++++ Available data

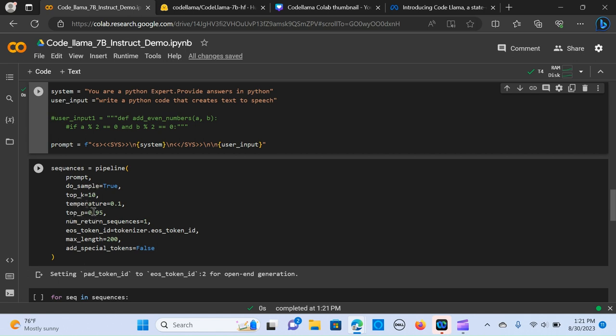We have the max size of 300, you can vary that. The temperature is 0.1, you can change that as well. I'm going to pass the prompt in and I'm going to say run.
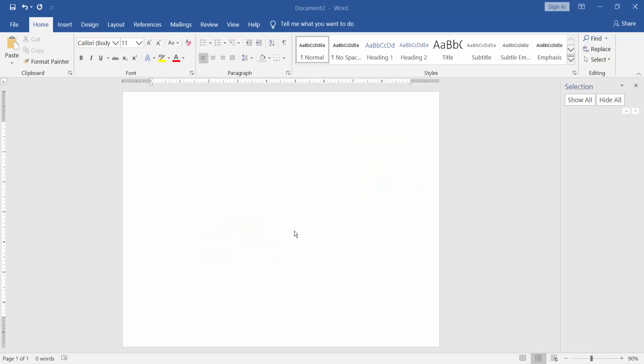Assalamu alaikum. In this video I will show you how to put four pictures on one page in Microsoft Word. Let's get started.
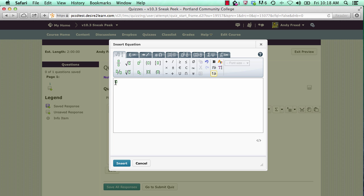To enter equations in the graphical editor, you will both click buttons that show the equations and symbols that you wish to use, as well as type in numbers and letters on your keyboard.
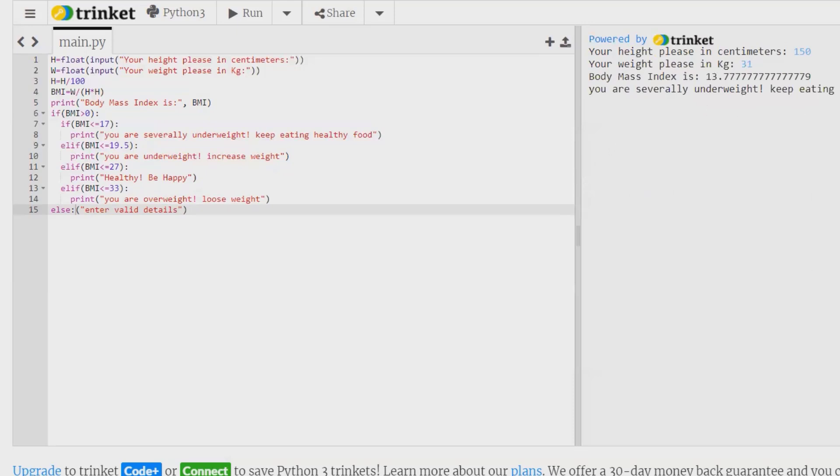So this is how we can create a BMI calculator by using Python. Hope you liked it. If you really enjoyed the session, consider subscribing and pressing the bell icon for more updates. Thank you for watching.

++++++++

Task item: Leave out the pictures and output the rest of the material exactly as written.

Result of the task:
We have the max size of 300, you can vary that. The temperature is 0.1, you can change that as well. I'm going to pass the prompt in and I'm going to say run.
Assalamu alaikum. In this video I will show you how to put four pictures on one page in Microsoft Word. Let's get started.
To enter equations in the graphical editor, you will both click buttons that show the equations and symbols that you wish to use, as well as type in numbers and letters on your keyboard.
So this is how we can create a BMI calculator by using Python. Hope you liked it. If you really enjoyed the session, consider subscribing and pressing the bell icon for more updates. Thank you for watching.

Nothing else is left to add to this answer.